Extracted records

----

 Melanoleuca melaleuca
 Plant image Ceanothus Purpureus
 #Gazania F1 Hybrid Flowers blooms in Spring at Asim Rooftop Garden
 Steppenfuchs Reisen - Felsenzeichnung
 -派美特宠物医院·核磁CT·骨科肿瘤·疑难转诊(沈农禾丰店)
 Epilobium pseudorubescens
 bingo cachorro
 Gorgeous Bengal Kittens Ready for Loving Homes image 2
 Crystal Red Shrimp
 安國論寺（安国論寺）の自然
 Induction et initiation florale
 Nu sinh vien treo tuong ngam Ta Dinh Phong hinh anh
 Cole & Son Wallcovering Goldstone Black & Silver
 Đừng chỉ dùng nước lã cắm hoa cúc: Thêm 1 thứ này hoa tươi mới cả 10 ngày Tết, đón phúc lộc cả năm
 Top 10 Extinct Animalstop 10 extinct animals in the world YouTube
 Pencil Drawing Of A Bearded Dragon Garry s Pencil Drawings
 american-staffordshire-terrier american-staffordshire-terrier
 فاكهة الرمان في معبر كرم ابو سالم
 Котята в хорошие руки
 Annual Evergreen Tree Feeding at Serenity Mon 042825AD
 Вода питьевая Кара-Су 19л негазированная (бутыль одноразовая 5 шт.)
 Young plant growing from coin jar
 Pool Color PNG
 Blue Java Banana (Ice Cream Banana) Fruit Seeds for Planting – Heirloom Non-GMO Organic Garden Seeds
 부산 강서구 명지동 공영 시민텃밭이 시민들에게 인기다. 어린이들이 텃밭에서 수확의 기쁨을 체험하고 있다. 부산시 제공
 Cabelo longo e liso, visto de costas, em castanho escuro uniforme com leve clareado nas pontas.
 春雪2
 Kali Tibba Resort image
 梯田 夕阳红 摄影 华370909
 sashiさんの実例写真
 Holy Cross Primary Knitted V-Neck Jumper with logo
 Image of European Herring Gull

----

Write out word for word only the lines from the start of the entries down to the line with "安國論寺（安国論寺）の自然", please, including both ends.

ANSWER TO THIS PROBLEM:
 Melanoleuca melaleuca
 Plant image Ceanothus Purpureus
 #Gazania F1 Hybrid Flowers blooms in Spring at Asim Rooftop Garden
 Steppenfuchs Reisen - Felsenzeichnung
 -派美特宠物医院·核磁CT·骨科肿瘤·疑难转诊(沈农禾丰店)
 Epilobium pseudorubescens
 bingo cachorro
 Gorgeous Bengal Kittens Ready for Loving Homes image 2
 Crystal Red Shrimp
 安國論寺（安国論寺）の自然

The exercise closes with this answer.